The characters in this book are a little stereotypical but I think the way Chrissie Manby has added comedy to this novel makes the characters work perfectly together. Liz is your typical working mum in her late forties who’s having trouble with her philandering husband Ian and difficult teenager Saskia. Saskia seems to have started idolising Ian’s new girlfriend Brittany, deciding to be a vegetarian and turning her nose up at everything processed that Liz tries to feed her. Poor Liz, despite trying her best for her family she never seems to get it right and more than one cooking experience ends in disaster. My favourite moment involving Liz was the processed meat incident which had me in hysterics and still makes me smile when I think of it, I would so love to have been a guest in the hotel watching the whole scene. I also loved the inclusion of the Waggy Weight Loss club for Liz’s poor dog Ted, the rivalry at the meetings reminded me so much of weight loss groups I’ve attended for myself, brilliant fun to read about.

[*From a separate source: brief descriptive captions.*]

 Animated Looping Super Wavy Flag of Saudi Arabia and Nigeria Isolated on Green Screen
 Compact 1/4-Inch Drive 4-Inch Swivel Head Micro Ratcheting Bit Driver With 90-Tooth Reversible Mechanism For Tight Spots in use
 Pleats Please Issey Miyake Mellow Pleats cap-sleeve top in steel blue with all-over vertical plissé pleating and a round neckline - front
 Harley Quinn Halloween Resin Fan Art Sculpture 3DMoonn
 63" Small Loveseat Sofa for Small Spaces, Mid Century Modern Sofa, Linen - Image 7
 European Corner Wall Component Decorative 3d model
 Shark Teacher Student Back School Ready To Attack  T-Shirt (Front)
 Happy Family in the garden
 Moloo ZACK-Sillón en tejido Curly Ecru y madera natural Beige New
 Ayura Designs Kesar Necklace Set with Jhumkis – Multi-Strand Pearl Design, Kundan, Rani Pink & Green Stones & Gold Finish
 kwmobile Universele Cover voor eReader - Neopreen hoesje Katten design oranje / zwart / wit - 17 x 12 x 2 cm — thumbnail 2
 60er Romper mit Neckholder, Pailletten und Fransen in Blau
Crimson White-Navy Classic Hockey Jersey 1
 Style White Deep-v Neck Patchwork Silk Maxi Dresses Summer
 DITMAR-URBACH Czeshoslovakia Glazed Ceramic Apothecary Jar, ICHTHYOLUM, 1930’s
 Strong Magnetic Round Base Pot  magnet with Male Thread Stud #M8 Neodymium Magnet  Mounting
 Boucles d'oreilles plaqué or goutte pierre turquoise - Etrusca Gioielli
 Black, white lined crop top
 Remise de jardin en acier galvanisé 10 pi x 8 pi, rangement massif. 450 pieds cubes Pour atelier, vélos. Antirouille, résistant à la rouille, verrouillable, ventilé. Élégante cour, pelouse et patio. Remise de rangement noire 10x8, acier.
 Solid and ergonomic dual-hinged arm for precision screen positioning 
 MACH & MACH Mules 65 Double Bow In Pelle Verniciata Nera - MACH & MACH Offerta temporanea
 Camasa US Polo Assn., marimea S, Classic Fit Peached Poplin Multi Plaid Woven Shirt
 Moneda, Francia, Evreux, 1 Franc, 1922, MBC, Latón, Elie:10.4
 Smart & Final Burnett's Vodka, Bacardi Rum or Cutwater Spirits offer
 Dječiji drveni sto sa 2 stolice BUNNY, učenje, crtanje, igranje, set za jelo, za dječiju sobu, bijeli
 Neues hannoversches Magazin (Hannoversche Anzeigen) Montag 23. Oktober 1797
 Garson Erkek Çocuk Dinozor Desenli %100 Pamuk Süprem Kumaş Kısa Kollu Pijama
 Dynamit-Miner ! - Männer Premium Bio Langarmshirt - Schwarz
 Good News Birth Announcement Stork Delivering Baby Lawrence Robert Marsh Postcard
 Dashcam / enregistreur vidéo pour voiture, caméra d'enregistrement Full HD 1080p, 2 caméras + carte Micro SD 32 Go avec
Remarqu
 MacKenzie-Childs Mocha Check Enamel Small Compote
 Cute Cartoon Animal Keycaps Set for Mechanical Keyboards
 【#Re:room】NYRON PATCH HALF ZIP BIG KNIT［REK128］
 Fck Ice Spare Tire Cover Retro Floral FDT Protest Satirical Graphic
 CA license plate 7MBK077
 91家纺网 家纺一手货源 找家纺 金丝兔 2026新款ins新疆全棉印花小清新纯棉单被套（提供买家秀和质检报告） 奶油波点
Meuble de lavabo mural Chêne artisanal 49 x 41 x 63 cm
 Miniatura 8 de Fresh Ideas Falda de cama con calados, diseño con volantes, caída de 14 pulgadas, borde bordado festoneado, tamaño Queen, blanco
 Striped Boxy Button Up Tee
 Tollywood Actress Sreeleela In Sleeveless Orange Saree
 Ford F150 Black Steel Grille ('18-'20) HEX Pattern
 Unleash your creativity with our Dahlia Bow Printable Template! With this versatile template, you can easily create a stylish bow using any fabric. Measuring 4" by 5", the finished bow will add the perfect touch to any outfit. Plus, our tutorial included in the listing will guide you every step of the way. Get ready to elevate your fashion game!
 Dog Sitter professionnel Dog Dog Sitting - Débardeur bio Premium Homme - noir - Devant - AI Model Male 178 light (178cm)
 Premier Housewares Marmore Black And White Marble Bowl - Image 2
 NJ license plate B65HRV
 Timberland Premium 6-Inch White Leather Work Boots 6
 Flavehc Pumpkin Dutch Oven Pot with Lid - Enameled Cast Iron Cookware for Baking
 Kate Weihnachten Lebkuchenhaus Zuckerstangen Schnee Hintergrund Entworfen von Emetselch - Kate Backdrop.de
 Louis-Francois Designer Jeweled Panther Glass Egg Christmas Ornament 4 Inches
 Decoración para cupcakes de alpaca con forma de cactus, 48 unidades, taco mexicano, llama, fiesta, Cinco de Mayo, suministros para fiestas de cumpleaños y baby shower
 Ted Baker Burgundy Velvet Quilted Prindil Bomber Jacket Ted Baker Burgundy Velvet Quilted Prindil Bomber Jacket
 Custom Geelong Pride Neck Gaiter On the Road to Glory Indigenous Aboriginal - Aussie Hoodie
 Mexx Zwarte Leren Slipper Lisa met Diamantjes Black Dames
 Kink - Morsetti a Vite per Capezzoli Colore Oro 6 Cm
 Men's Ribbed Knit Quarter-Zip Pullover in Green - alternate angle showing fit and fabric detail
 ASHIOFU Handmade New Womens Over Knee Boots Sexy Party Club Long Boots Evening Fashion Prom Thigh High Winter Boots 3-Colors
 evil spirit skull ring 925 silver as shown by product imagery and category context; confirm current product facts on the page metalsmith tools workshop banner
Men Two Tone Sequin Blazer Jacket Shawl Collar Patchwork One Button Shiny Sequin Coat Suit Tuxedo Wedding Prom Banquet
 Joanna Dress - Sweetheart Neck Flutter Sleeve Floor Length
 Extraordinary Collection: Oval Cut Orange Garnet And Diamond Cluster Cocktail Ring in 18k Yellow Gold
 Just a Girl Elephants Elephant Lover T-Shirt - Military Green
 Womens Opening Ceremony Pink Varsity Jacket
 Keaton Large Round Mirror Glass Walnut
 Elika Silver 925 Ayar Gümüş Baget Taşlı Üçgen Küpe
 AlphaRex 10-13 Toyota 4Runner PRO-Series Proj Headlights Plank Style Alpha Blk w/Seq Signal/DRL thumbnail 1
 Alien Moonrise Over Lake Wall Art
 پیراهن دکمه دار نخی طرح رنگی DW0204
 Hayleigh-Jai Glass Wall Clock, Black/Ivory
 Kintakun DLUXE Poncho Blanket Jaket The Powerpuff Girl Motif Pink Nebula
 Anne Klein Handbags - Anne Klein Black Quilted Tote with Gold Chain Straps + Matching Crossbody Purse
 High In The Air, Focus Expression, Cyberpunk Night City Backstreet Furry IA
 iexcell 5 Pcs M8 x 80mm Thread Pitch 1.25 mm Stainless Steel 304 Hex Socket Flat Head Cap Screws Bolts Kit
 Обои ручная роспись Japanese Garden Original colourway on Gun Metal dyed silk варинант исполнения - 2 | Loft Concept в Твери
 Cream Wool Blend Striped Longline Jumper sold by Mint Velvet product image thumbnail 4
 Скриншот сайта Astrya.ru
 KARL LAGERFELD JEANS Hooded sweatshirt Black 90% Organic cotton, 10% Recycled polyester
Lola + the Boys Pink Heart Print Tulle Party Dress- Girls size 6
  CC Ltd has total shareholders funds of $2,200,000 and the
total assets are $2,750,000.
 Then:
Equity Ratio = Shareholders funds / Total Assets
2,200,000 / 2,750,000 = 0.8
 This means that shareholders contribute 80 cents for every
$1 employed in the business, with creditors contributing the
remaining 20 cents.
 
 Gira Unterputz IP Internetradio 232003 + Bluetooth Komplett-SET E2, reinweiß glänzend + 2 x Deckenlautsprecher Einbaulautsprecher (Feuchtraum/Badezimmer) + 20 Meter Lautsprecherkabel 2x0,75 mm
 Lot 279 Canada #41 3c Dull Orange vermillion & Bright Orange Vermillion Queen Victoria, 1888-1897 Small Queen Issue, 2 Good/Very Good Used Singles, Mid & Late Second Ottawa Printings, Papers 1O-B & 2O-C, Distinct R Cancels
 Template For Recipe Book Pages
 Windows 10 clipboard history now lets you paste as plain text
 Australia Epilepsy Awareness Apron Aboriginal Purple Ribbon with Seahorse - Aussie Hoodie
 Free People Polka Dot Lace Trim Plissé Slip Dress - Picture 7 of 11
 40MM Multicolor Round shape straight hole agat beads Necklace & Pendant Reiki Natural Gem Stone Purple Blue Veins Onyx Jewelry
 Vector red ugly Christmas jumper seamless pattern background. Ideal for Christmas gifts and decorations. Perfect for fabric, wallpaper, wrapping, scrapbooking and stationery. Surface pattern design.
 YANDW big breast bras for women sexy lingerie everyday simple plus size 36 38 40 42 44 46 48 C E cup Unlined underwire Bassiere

Liz was by far my favourite character in the book, both Bella and John seem to have more serious less chaotic lives. Bella has joined the cookery club to regain the passion she once had for food and despite numerous interruptions from her work as a duty solicitor, her love for food isn’t the only thing that gets reignited. It’s not long before Bella has decided to make some big changes in her life.  Even John has a little secret which he’s been keeping which added a little mystery to the book.

I loved everything about this book, it has a little romance, a little mystery, and great insights into family dynamics but most of all its hilarious. It’s Chrissie Manby at her absolute best and is the funniest book I’ve read all year. Thank you so much to Hodder and Netgalley for sending me a copy to review and inviting me to be part of the blog tour for The Worst Case Scenario Cookery Club. Thank you also to Chrissie Manby for taking time to answer my questions, I can’t wait to read your next book.